The ingeniousness of ensemble machine learning models lies in their aggregating the predictions of a plethora of diverse weak learners. Such models, owing to the heterogeneity of their constituent elements, do a good job at integrating complex and nonlinear interactions among the variables into making their predictions, i.e., they reduce "bias," while mitigating the risk of overfitting the data, i.e., they reduce "variance," too, to use machine learning lingo. (A note: "Overfitting" manifests itself when a model estimated using the training dataset performs significantly worse on new data, such as the test dataset, than it did on the training dataset because it learned the intricacies in the training dataset "too" well. That is, the estimated model conforms so tightly to the idiosyncrasies of the training data that it misses the general patterns in data it was not trained on.)
The learners constituting a random forest regressor are "decision trees." A decision tree commences, beginning at its top "node," by bifurcating the records in the full dataset in a way that minimizes the weighted average statistical variance of the target variable in the resulting two sub-sets, or sub-nodes. For those of you without a background in statistics, just think of "statistical variance" as variation, and you will not be too far off the mark. (Alternatively, one can have the decision tree split each node in such a way that minimizes the weighted average absolute errors of the sub-nodes. I also do this.) It does the same on each of the sub-sets, and keeps drilling down farther and farther until either it is directed to stop or the statistical variance in the target variable cannot be reduced further. In effect, a decision tree groups the values of the features in such a way that these values lead to very similar, if not identical, outcomes for the target variable. Once the decision tree has been constructed, one can feed a new set of values for the features into its top node. The tree will then run the set down the appropriate track of branches to arrive at a "leaf" containing similar values for the features, along with a corresponding prediction for the target variable. (A "leaf" is a node that cannot be split further.) A random forest regressor simply takes the mean of the predictions of the myriad decision trees constituting it in order to predict the target variable based on the values of the features inputted into it. Also, each decision tree in the forest uses a randomly selected sub-sample of the full set of features.
Obviously, I cannot go beyond the beyond the broad intuition of a random forest regressor here. For the details, I strongly recommend an excellent book on machine learning, An Introduction to Statistical Learning with Applications in Python by Gareth James et al, which you can download for free here. You will find chapter 8 particularly useful.

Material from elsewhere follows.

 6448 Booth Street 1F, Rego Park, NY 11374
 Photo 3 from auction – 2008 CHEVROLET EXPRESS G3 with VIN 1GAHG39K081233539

For training and testing the random forest regressor, I used the same training and testing datasets I used for the Tobit and spatial autocorrelated regression approaches, but with two modifications. (Recall that I had to delete several "island" area units from these datasets, especially the test dataset.) One, I disaggregated the cycle network density variable into its eight constituent types of infrastructure: shared zone (SZ); local area traffic management (LATM); off-road shared path (ORSP); on-road protected cycle lane (ORPCL); on-road unbuffered cycle lane (ORUBCL); off-road cycleway(ORC); on-road buffered cycle lane (ORBCL); and off-road trail (ORT). I did this to ascertain whether certain types of infrastructure might be inducing commuters to bicycle to work more than others. Recall from our previous analyses that there is no evidence that the cycle network, considered in its entirety and without regard to the differences in types of infrastructure, is promoting commuter cycling. Perhaps one or more particular types of infrastructure are.
Secondly, I threw infrastructure classified as shared zone (SZ) out of the dataset. One reason for this is that they have miniscule coverage, as you can see in the map to the left. Another, more important reason, is that they are simply nothing more than side streets in urban retailing and dining areas where very slow-moving cars, pedestrians and bicyclists intermingle. They have no conceivable connection with commuting.
Other than the two modifications I mention here, I used the exact same training and testing datasets as before.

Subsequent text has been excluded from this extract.